BEGIN Given information

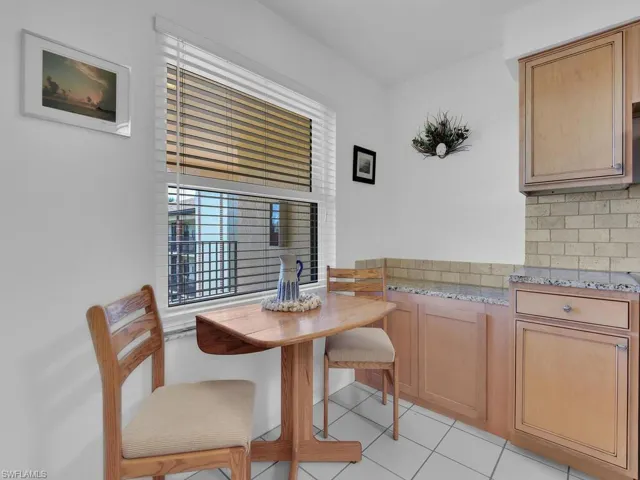 Kitchen with decorative backsplash, light tile patterned flooring, and light stone countertops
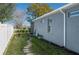 Well-maintained backyard featuring a stone pathway and white picket fence at 252 Magneta Loop, Auburndale, FL 33823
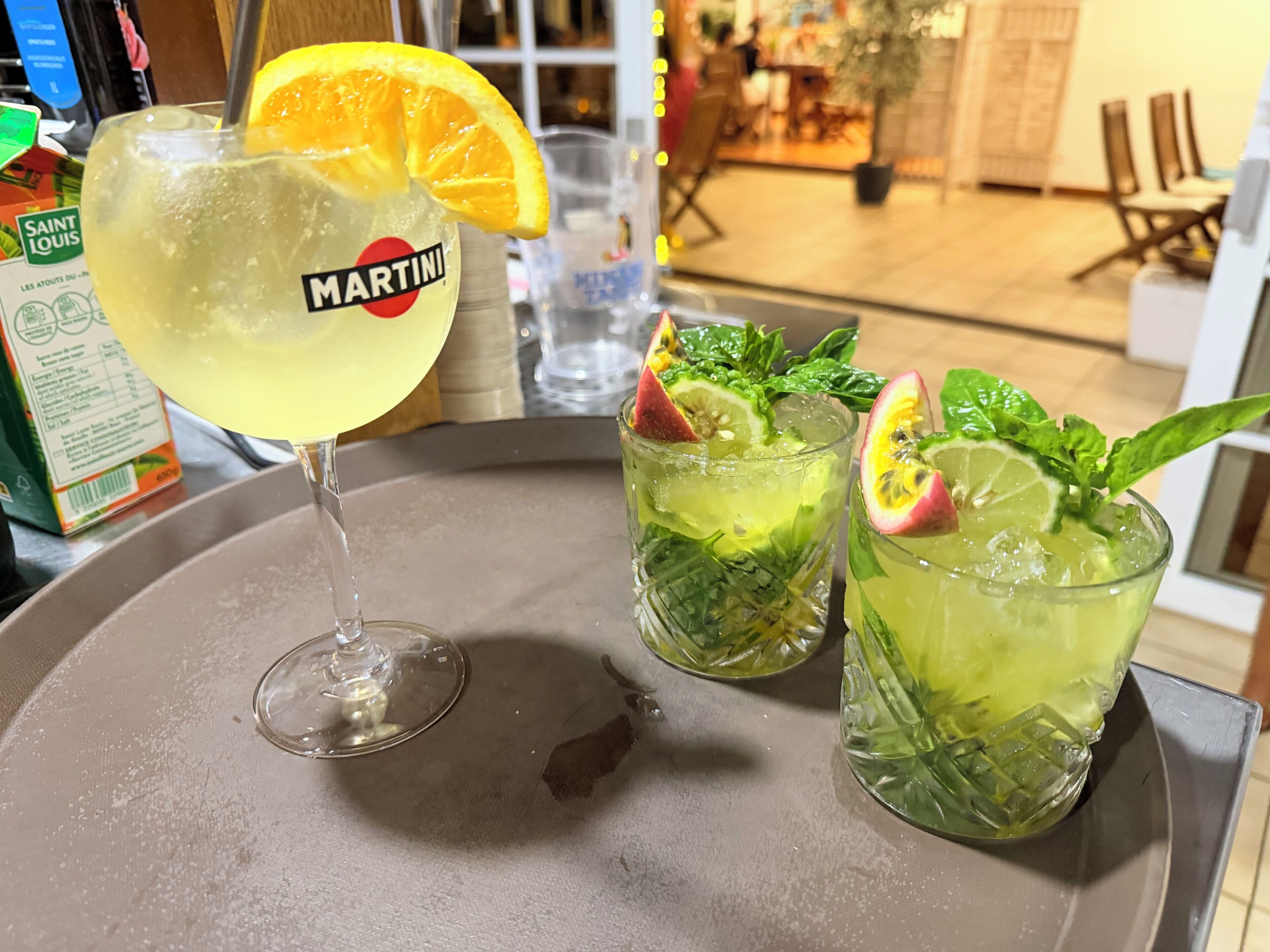 A martini glass with a lemon slice and a bottle of Martini, and two glasses with a lime and mint garnish.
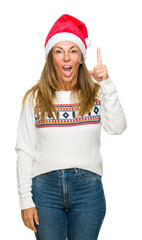 Wall Mural - Middle age adult woman wearing winter sweater and chrismat hat over isolated background pointing finger up with successful idea. Exited and happy. Number one.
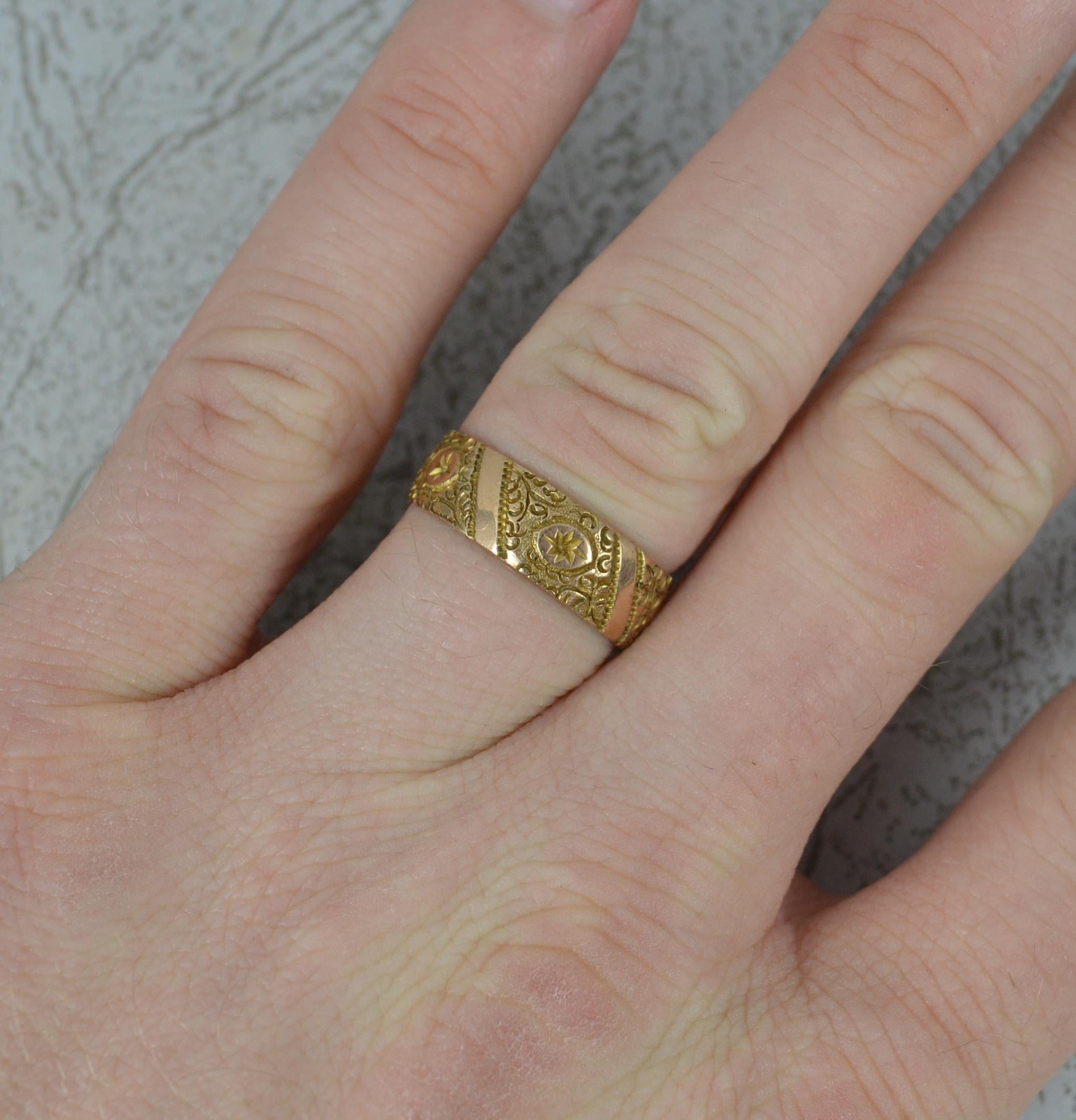 A superb early Victorian band ring.
Solid 9 carat rose gold example.
6mm wide throughout.
A full eternity engraved band throughout. 

CONDITION ; Very good for age. Very crisp pattern and hallmarks. Please view photographs.

WEIGHT ; 2.8 grams
SIZE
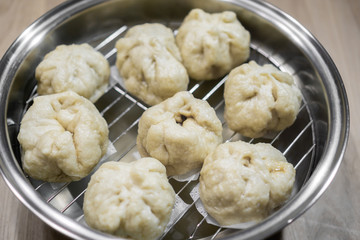 Chinese dumplings (buns) being steamed on a modern stainless steel wok pan
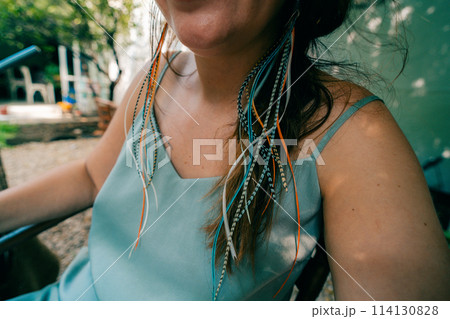 Handmade feather earrings or handicraft colorful earrings with feathers Handmade feather earrings or handicraft colorful earrings with feathers 114130828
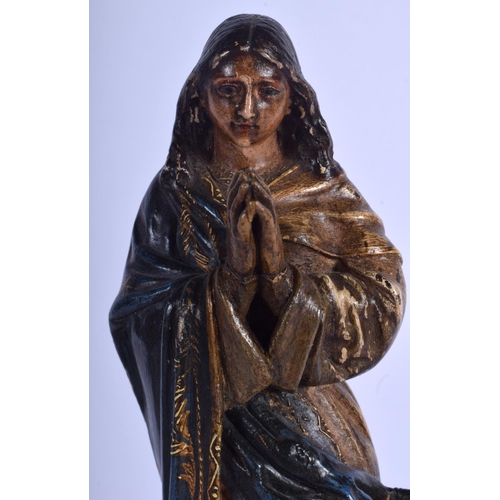 2352 - A LARGE 18TH CENTURY SOUTHERN EUROPEAN CARVED POLYCHROMED WOOD SAINT upon a velvet base. 33 cm high.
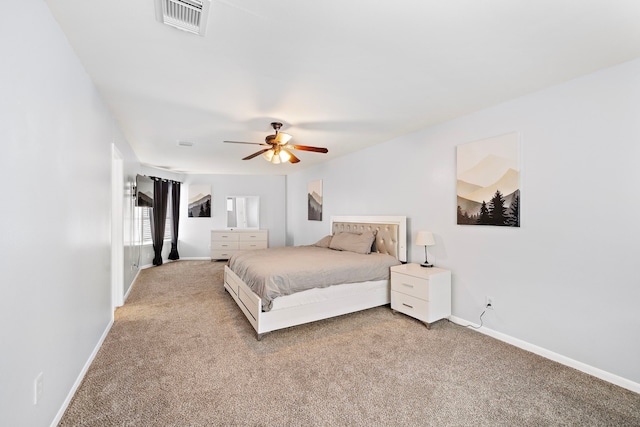 bedroom with ceiling fan, light carpet, baseboards, and visible vents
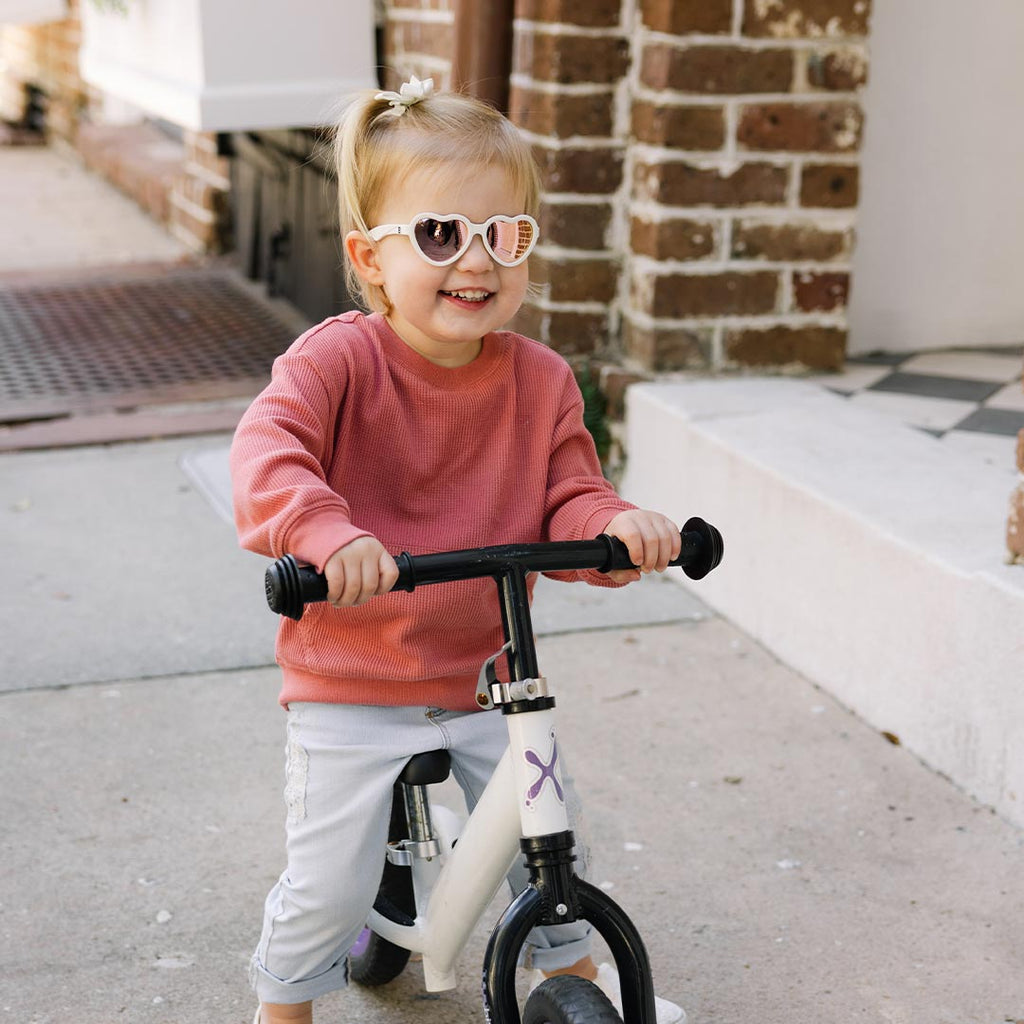 Babiators Polarised Heart Sweet Cream sunglasses lifestyle image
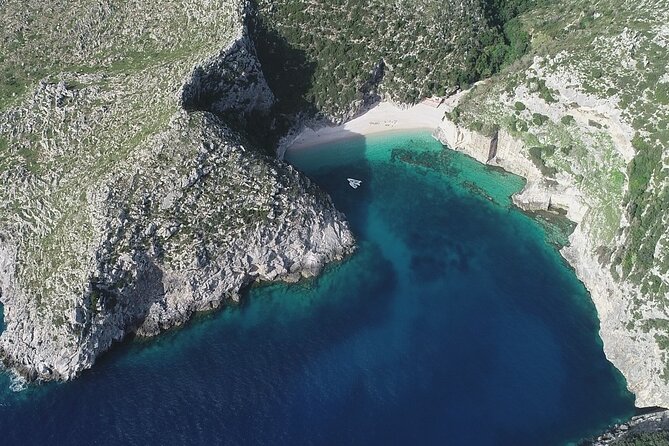 Speed Boat Tour to Vlore's Secret Blue Cave at Grama Bay - Englishman Bay: cliffs, clear water, and a longer swim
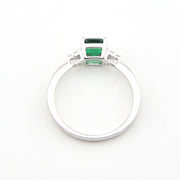Silver ring with green gemstones on a white background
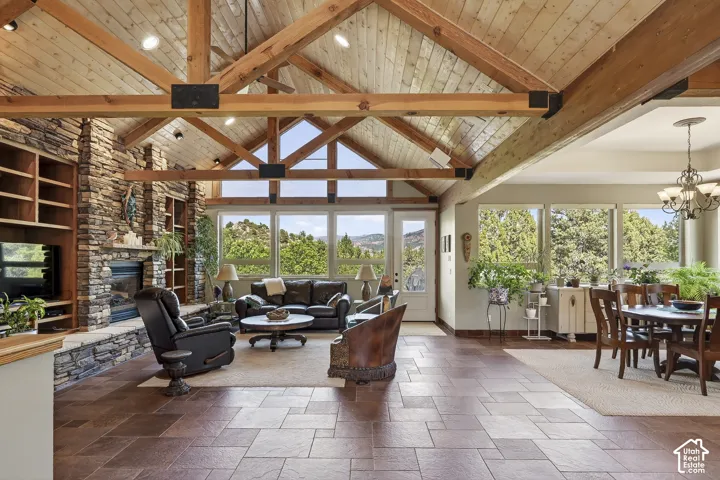 Vaulted wood plank ceilings with exposed beams define this expansive room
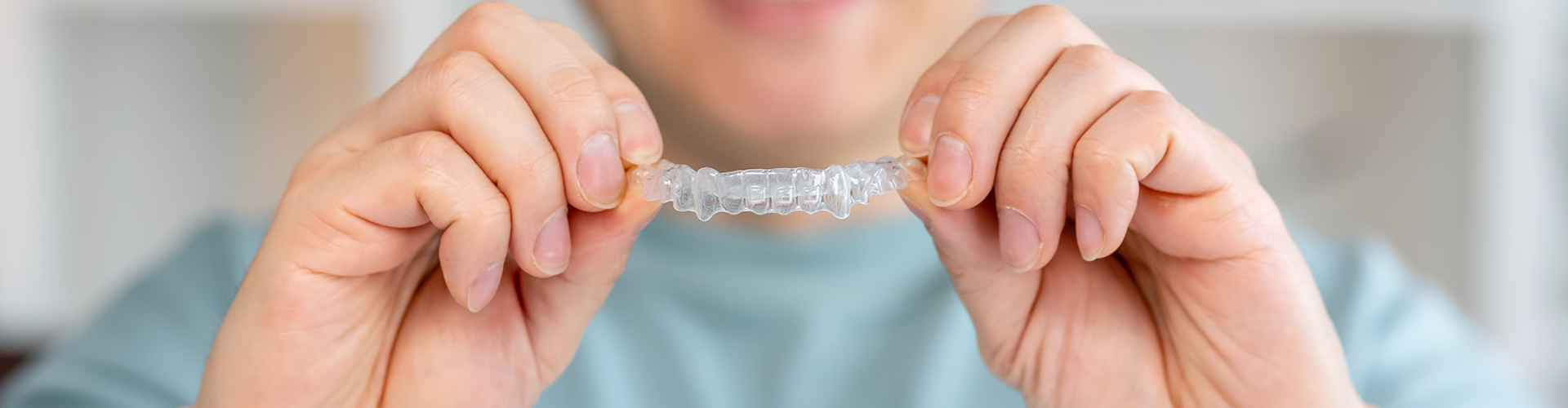 smiling man holding clear aligner.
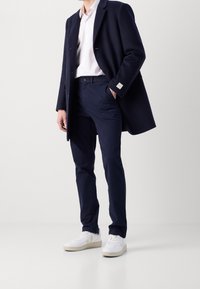 Man i marinblå kappa, vit skjorta, marinblå byxor och vita sneakers står mot en enkel ljus bakgrund.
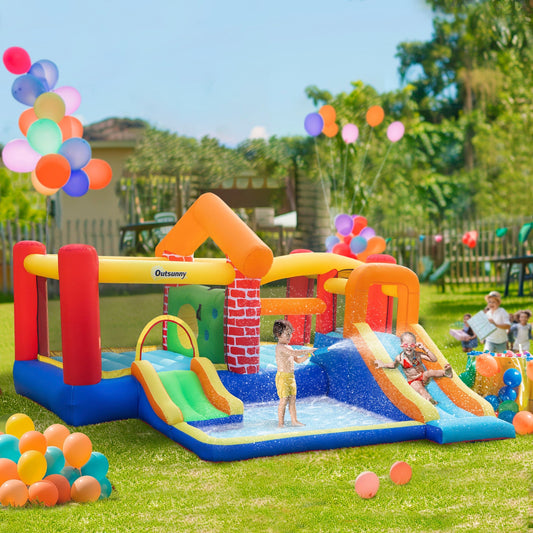 Children playing in the inflatable bouncy castle with slides and pool in a garden setting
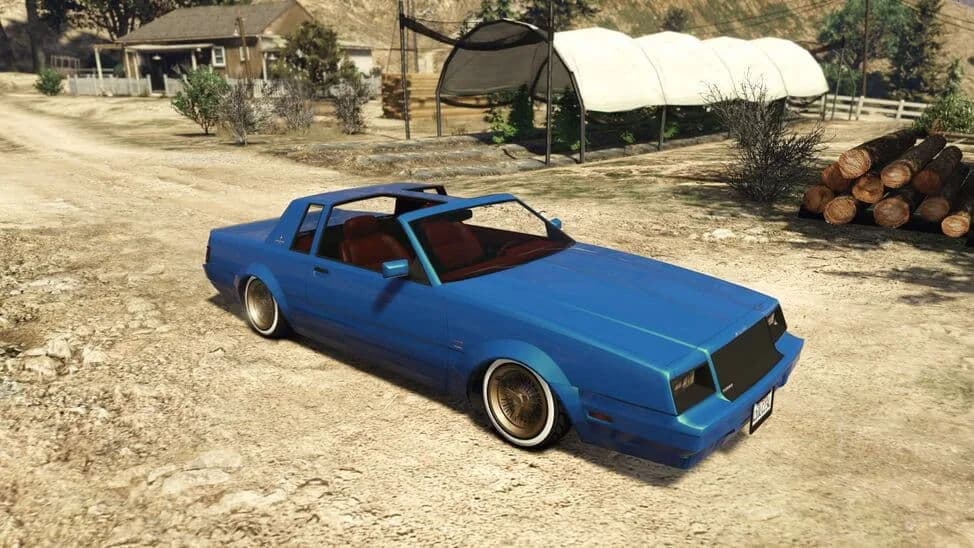 The Willard Faction Custom, a blue lowered 1980s coupe on wire wheels, parked on a dirt yard, in GTA Online.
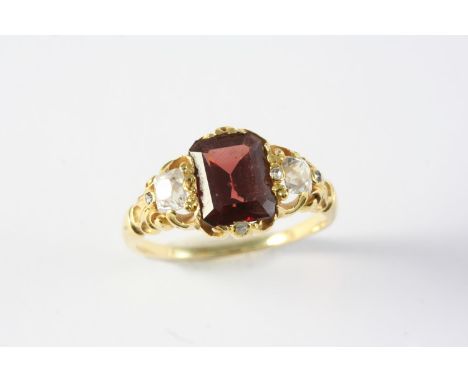 A GARNET AND DIAMOND RING the rectangular-shaped garnet is set with a cushion-shaped diamond to each shoulder, in gold. Size 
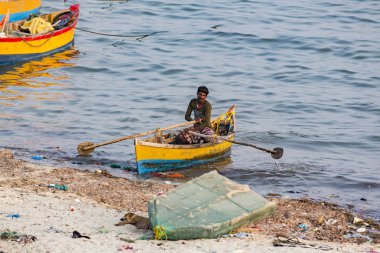 Belgesel yayın. Yaklaşık, Rameswaram, Rameshwaram, Pamban Adası, Tamil Nadu, Hindistan - 2018 Mart. Kimliği belirsiz zavallı yerel geleneksel balıkçı çok küçük renkli ahşap tekne ile sahilde balık. Asya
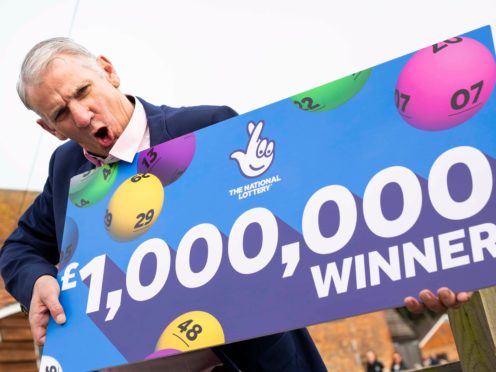 John McFadden from Southampton celebrates winning £1m on a National Lottery scratchcard (Handout/PA)
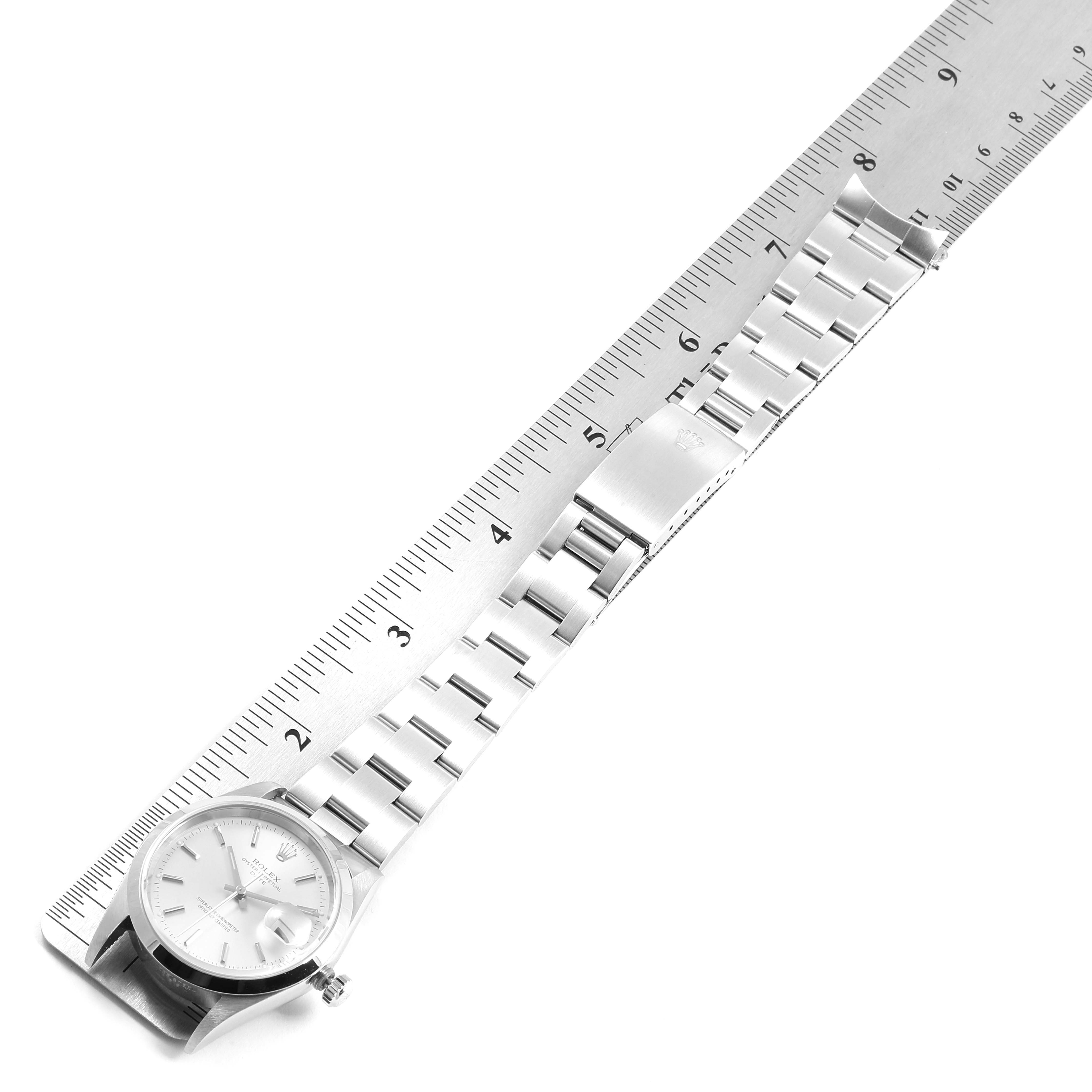The image shows a top-down view of a Rolex Date 15200 Men's Stainless Steel Silver Dial 15200 Men's Stainless Steel Silver Dial model watch with its stainless steel bracelet laid out beside a ruler.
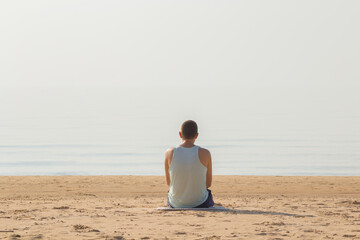 Young adult man sitting alone on sand and looking far away at sea beach in warm sunny summer day....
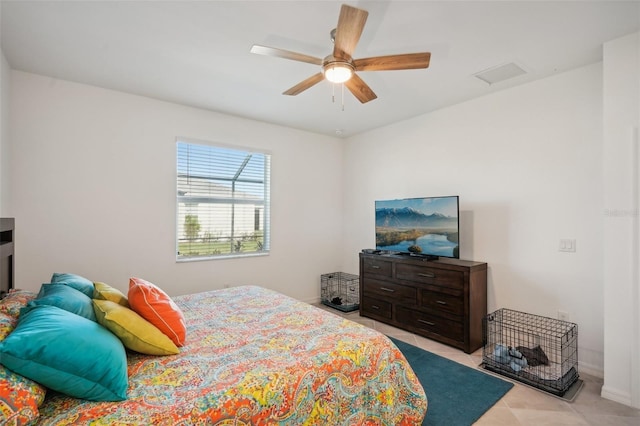 bedroom with ceiling fan and light tile patterned floors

END Given information

What is required: Would you output all of the entries above exactly, keeping the pictures out?

Response:
 Kitchen with decorative backsplash, light tile patterned flooring, and light stone countertops
 Well-maintained backyard featuring a stone pathway and white picket fence at 252 Magneta Loop, Auburndale, FL 33823
 A martini glass with a lemon slice and a bottle of Martini, and two glasses with a lime and mint garnish.
 Wall Mural - Middle age adult woman wearing winter sweater and chrismat hat over isolated background pointing finger up with successful idea. Exited and happy. Number one.
 A superb early Victorian band ring.
Solid 9 carat rose gold example.
6mm wide throughout.
A full eternity engraved band throughout. 

CONDITION ; Very good for age. Very crisp pattern and hallmarks. Please view photographs.

WEIGHT ; 2.8 grams
SIZE
 Chinese dumplings (buns) being steamed on a modern stainless steel wok pan
 Handmade feather earrings or handicraft colorful earrings with feathers Handmade feather earrings or handicraft colorful earrings with feathers 114130828
 2352 - A LARGE 18TH CENTURY SOUTHERN EUROPEAN CARVED POLYCHROMED WOOD SAINT upon a velvet base. 33 cm high.
 bedroom with ceiling fan, light carpet, baseboards, and visible vents
 Babiators Polarised Heart Sweet Cream sunglasses lifestyle image
 Speed Boat Tour to Vlore's Secret Blue Cave at Grama Bay - Englishman Bay: cliffs, clear water, and a longer swim
Silver ring with green gemstones on a white background
 Vaulted wood plank ceilings with exposed beams define this expansive room
 smiling man holding clear aligner.
 Man i marinblå kappa, vit skjorta, marinblå byxor och vita sneakers står mot en enkel ljus bakgrund.
 Children playing in the inflatable bouncy castle with slides and pool in a garden setting
 The Willard Faction Custom, a blue lowered 1980s coupe on wire wheels, parked on a dirt yard, in GTA Online.
 A GARNET AND DIAMOND RING the rectangular-shaped garnet is set with a cushion-shaped diamond to each shoulder, in gold. Size 
 Belgesel yayın. Yaklaşık, Rameswaram, Rameshwaram, Pamban Adası, Tamil Nadu, Hindistan - 2018 Mart. Kimliği belirsiz zavallı yerel geleneksel balıkçı çok küçük renkli ahşap tekne ile sahilde balık. Asya
 John McFadden from Southampton celebrates winning £1m on a National Lottery scratchcard (Handout/PA)
The image shows a top-down view of a Rolex Date 15200 Men's Stainless Steel Silver Dial 15200 Men's Stainless Steel Silver Dial model watch with its stainless steel bracelet laid out beside a ruler.
 Young adult man sitting alone on sand and looking far away at sea beach in warm sunny summer day....
 bedroom with ceiling fan and light tile patterned floors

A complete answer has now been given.